Hi Everyone!  We are new to sheep (Dorpers).  About 6 weeks ago, we bought a ewe with a ewe lamb at her side (Tilda and Tootie) , and a pregnant ewe (Gerti), who just lambed on 4/17 (ram lamb).  About 3 weeks ago, we bought a 7 month old ram.  We had them all together, but after Gerti lambed and was cleaning baby, the ram was bugging her, and even tried to mount her.  I moved him and Tilda and Tootie to another pasture.  Of course Gerti didn't mind not being with her flock, as she was very busy with her new baby, but the other 3 are not happy being separated from her.  Can I put them all back together? Will the big ram hurt the baby ram?
Thanks!


----------



## promiseacres (Apr 28, 2014)

He could. i try to keep my ewes and lambs in a "jug" for 3-4 days so they bond before going back with the herd. My ram has been around newborns and youngins' without issues BUT he wasn't bothering the mamas either. I no longer let him around during lambing just in case.

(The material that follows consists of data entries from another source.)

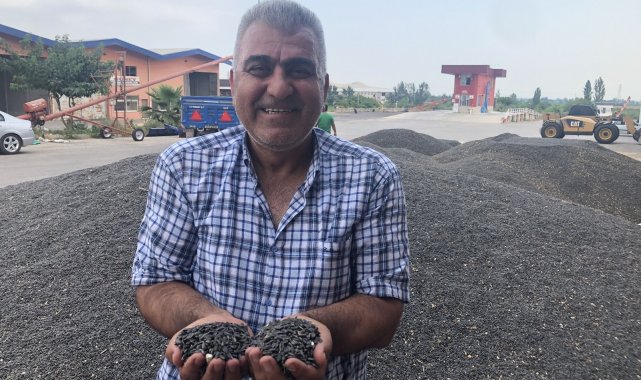 Çukurova'da ayçiçek tarlasında çifte bayram
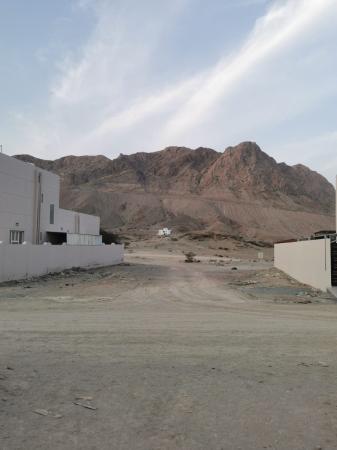 بيعه مستعجله قبل العيد ارخص ارض بالعامرات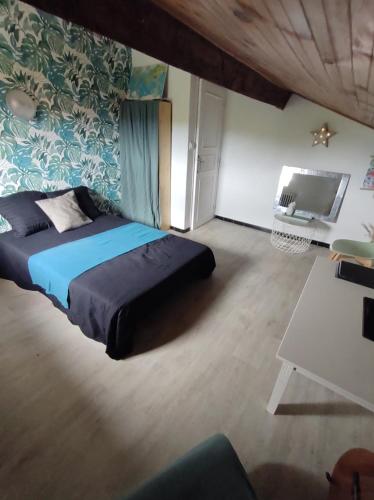 une chambre avec un grand lit et une télévision dans l'établissement Chambre et salle de bain, à Lescar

They can and will kill a lamb if they are after mama.


----------



## bcnewe2 (Apr 28, 2014)

I don't separate but have had my ram breed back some ewes within a week of lambing. We also pasture lamb (unless it's to cold or bad snow) where the mom's giving birth can separate themselves a bit.


----------



## geniebell (Apr 28, 2014)

Thanks for the replies. Our weather is very mild, and we do not have a jug, so she lambed in the pasture. It's a small pasture, but big enough that I had to put temporary water for her cause her water was too far away from where she lambed. I am thinking from your replies and others I have read, it's best not to put the ram in with the baby. Weaning time will be interesting, as I want the ram in with gerti to breed, but baby will need company . We have lots of work to do!


----------